田村神社旧跡。かつて田村神社が鎮座していた場所だが、現在はその名を刻んだ石柱が立つのみ。鈴鹿峠の山賊を討伐したとの伝説がある坂上田村麻呂を祭神に祀っていた。

これが鈴鹿山の鏡岩。鏡とは程遠い岩肌である。現地の解説板によると「岩面の一部が青黒色の光沢を帯びている。これは鏡肌(スリッケンサイド)と呼ばれ、断層が生じる際に強大な摩擦力によって研磨され、平らな岩面が鏡のような光沢を帯びるようになったものをいう。」と書かれており、鏡岩の山賊伝説はあくまで伝説ということか。
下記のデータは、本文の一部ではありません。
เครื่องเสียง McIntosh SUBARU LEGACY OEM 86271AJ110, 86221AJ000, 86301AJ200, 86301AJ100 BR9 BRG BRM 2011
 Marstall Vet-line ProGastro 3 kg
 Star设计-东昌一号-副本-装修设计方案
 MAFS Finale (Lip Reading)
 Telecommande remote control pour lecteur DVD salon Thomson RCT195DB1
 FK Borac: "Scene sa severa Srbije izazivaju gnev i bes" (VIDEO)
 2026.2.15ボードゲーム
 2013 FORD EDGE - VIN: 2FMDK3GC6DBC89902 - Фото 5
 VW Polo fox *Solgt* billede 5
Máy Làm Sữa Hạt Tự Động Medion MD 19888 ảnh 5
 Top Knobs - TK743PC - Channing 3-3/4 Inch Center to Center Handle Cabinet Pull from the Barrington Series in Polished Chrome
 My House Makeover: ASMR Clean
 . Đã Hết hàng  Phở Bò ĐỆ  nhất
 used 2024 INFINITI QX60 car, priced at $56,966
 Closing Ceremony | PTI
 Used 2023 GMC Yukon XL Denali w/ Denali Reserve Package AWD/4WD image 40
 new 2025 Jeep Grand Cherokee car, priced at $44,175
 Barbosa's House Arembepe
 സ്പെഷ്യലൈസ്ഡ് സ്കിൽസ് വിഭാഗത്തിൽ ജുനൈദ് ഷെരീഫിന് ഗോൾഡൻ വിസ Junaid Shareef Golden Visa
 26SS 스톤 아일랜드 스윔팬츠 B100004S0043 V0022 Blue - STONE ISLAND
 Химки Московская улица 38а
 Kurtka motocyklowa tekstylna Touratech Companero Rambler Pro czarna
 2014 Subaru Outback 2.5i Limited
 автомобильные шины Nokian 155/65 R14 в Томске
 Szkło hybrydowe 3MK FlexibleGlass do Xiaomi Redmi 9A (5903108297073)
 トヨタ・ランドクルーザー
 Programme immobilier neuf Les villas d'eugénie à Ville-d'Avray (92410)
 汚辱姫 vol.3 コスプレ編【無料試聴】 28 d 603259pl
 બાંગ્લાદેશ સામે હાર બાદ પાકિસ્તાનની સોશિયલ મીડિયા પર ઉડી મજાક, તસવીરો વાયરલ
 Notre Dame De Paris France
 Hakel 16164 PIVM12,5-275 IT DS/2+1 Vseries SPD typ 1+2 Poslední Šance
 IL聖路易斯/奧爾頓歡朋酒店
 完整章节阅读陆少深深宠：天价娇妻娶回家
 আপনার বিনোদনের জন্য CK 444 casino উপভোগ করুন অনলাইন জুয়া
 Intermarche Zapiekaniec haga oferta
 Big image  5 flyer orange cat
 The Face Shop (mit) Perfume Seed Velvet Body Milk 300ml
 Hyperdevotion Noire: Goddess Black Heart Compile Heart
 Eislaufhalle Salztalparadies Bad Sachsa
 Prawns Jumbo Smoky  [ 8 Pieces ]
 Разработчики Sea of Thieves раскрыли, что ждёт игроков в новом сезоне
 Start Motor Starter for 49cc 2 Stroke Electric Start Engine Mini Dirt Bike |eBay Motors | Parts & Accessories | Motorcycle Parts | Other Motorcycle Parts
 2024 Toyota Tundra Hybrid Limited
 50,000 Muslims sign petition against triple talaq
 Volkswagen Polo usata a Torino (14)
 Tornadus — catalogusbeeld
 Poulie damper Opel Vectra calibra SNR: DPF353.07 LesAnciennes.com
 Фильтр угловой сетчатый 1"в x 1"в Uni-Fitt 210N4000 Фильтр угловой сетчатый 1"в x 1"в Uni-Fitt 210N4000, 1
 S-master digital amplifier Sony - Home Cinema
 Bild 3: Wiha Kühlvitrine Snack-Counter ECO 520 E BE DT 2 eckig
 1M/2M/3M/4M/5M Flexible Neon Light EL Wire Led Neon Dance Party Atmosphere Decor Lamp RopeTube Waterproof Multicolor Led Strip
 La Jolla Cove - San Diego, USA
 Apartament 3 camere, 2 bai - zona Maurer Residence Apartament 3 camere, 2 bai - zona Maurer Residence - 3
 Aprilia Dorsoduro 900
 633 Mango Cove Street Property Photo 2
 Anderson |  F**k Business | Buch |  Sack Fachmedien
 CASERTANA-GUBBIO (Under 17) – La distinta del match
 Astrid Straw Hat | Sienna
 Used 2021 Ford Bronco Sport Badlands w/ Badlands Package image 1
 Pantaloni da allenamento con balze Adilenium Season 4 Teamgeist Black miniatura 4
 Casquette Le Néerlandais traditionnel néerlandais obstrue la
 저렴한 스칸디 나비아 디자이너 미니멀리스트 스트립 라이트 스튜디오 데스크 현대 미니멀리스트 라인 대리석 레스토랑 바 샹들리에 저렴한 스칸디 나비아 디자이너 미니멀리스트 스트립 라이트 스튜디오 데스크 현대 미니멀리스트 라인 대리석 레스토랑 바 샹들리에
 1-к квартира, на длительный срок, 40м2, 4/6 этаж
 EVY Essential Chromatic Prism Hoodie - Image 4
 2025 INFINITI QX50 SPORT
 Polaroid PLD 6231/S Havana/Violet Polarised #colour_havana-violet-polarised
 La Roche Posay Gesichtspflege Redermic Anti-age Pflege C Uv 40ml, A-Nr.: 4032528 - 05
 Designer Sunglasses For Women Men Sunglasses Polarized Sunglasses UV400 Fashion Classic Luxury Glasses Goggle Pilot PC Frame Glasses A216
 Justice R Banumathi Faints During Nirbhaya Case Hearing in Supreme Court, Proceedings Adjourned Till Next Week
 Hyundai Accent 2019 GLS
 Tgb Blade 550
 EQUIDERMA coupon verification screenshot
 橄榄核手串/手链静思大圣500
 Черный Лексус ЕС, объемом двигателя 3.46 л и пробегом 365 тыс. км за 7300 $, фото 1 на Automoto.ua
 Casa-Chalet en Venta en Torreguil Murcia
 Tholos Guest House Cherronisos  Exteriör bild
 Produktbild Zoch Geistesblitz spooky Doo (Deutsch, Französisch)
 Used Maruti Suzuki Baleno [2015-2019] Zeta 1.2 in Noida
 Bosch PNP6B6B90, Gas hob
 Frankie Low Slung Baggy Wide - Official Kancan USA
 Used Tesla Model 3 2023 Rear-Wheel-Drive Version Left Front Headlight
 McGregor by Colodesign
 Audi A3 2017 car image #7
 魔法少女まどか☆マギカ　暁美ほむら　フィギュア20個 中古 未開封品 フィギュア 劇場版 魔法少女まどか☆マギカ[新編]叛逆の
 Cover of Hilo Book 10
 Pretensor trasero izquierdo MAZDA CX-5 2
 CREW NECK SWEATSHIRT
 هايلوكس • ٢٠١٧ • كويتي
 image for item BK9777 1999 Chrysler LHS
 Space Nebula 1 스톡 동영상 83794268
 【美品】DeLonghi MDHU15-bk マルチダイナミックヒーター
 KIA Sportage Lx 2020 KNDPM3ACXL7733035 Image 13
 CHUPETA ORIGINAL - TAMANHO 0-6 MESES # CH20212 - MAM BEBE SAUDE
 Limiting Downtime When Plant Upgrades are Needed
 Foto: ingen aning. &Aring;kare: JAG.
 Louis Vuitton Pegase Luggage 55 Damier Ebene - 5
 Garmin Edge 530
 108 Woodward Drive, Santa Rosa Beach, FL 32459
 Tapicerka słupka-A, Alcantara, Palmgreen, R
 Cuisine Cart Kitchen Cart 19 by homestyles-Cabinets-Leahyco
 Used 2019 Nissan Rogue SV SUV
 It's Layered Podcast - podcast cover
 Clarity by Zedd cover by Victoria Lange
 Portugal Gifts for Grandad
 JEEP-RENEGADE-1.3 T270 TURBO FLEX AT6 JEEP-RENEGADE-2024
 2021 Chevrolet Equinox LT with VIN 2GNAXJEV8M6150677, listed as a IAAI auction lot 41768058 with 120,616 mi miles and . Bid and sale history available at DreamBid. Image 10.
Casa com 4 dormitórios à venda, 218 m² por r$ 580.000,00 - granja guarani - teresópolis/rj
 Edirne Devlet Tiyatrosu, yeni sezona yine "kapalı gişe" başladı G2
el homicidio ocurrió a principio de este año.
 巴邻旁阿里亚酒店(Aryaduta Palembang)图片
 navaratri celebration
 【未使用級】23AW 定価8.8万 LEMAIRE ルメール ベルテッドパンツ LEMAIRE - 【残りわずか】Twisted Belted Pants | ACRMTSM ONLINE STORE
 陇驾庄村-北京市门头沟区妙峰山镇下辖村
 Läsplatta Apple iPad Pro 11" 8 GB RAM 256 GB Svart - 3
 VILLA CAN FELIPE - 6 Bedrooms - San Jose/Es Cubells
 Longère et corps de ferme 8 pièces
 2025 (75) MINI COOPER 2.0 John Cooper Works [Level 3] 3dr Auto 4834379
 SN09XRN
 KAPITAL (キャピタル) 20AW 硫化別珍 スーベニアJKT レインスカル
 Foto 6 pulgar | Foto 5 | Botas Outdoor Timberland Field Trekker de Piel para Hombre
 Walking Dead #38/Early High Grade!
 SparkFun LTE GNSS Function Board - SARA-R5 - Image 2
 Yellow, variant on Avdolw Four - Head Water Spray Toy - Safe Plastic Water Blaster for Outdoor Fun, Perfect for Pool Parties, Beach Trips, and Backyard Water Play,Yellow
鏡岩からの眺め。三重県側の山麓が眼下に見渡せ、ここで山賊が襲う旅人の品定めをしていたのかもしれない。

鏡岩から旧東海道に戻って。

八町二十七曲がりと言われた難所、三重県側の鈴鹿峠旧道を降ろう。

途中、茶屋跡と思われる石垣が見られる。

鈴鹿峠旧道にて。最近見かけなくなった気がするアゲハ蝶。
旅人に尋ねてみた どこまで行くのかと いつになれば終えるのかと 旅人は答えた 終わりなどないさ 終わらせることはできるけど♪
ポルノグラフティのお気に入りのフレーズが頭をよぎる。

石畳の階段道。近年に敷設のものか。

平成4年(1992年)関町教育委員会により復元された馬の水飲み鉢。かつて往来する人馬のために水溜めが置かれていたことを偲ぶ。

鈴鹿峠旧道筋にある芭蕉句碑。ここは松尾芭蕉も歩いたであろう道、句を諳んじながら芭蕉に思いを馳せて。
ほっしんの 初に越ゆる 鈴鹿山

鈴鹿峠旧道は国道1号横で平坦地に。東海道自然歩道の案内板等がある。

旧道は高架橋の国道1号と交差。

鈴鹿峠旧道。苔生す石畳に八町二十七曲がりの面影が色濃く残る。

片山神社の鳥居が見えれば急坂の下りは終わり。この辺りの急坂は沿道に灯籠が並んでいたことから”灯篭坂”と呼ばれた。

灯籠坂を降りきった所に片山神社の鳥居が立つ。鈴鹿峠江戸方方上り口にあたる。中山道や会津西街道の過酷な峠越えを経験した者にとっては少々物足りない感じ。

鎌倉時代にこの地に鎮座したと伝わる片山神社。坂上田村麻呂の山賊退治のまつわる伝説の女性、鈴鹿御前を祀ったことに縁起があるとされ、江戸時代には”鈴鹿権現”等とも呼ばれた。そんな由緒ある神社なのだが、平成11年(1999年)神楽殿を残して焼失。現在も本殿が再建されることなく荒れた状態なのは残念の一言しかない。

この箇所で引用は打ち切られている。